When obtaining the client’s permission, you must clearly inform the client as to whom and where the disclosure of information will be made, and where the data will be stored, for example on overseas servers. You can do this via an engagement letter or other signed agreement. For further information, refer to our Practice note.

 

If you are outsourcing or offshoring, you must take reasonable steps to ensure sufficient IT security controls are in place, for both you and the outsourced service provider. 

There are a number of controls that could be employed to assist in maintaining and protecting the confidentiality, integrity and availability of data to ensure that information is not disclosed beyond the scope of your client’s consent, such as an appropriate confidentiality agreement between you and your outsourced provider, or other appropriate protocols, such as:

  • use of a secured website and encrypted network traffic

  • security credentials

  • access controls ensuring unauthorised persons do not have access to data

  • standardised reporting

  • audit trails

  • appropriate segregation of duties

  • approval and review of data changes.

 

An outsourcing arrangement is when you use a third party (any entity other than the client and you, the registered tax practitioner) to provide a specific process, function, service or activity. An external auditor would be considered a third party, so use of an external auditor to provide audit services on your behalf is an example of outsourcing.

You must obtain your client’s permission before you disclose information relating to their affairs to a third party. Find out more about your obligations under Code item 6 – confidentiality of client information.

 

Yes, we have guidance on the factors to consider if entering into an outsourcing arrangement.

 

The employment of a bookkeeper located overseas to provide tax agent services on your behalf is an example of offshoring. The bookkeeper may also be considered a third party in certain circumstances, such as if they are employed through a service trust arrangement, or if they maintain offsite data storage (including ‘cloud storage’).

To ensure you comply with your Code of Professional Conduct (Code) obligations, you must obtain your client’s permission to disclose information relating to their affairs to a third party. When obtaining permission, you must inform the client as to whom and where the disclosure will be made, including whether the disclosure will be made overseas.

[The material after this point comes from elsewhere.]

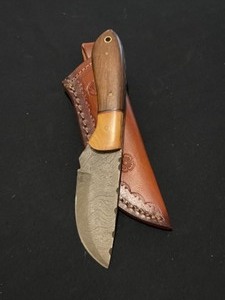 Fantastic Custom Damascus Steel Knife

You must ensure that any tax agent services provided to clients in Australia from a location outside Australia are provided competently, just as must occur within Australia. It’s also important to recognise that while supervisory arrangements are an important factor in ensuring services are provided to a competent standard, it won’t ensure competency. You need to make sure that:

  • there are adequate supervisory and review arrangements, including having a sufficient number of individuals (being registered tax practitioners) for the work being carried out

  • internal procedures are used to satisfy supervisory and control requirements, which may include activities such as: 

    • training for offshore staff in Australian tax

    • registered tax practitioners or other experts being onsite overseas

    • rotation for overseas staff to gain experience

    • appropriate quality assurance and review systems.

  • registered tax practitioners are involved so that the work being completed overseas is considered competent for Australian tax law purposes

  • registered tax practitioners are meeting their requirements for maintaining knowledge and skills relevant to the services they’re providing

  • registered tax practitioners are maintaining competence by continuing awareness, understanding and up-to-date knowledge of relevant technical, legal and business developments.

Read our Information sheets on supervisory arrangements and outsourcing and offshoring for more information.

 

Engagement letters

It is recommended that you have a separate engagement letter for each client that is designed to suit their specific engagement requirements. However, if you have written consent from the client that they accept the conditions of the engagement this would be sufficient.

 

The engagement letter will satisfy your obligations under Code item 6 of the Code , relating to the confidentiality of client information, provided it: 

  • clearly informs your client about the information you are disclosing

  • advises your client to whom and where the disclosure will be made; and

  • obtains your client’s written permission to disclose the information to the third party.

However, you also have an obligation to ensure that any tax agent services provided on your behalf are provided competently. If any of the bookkeepers are not registered tax practitioners, you must ensure that the work performed by the bookkeeper is under your supervision and control, or the supervision and control of another registered tax practitioner.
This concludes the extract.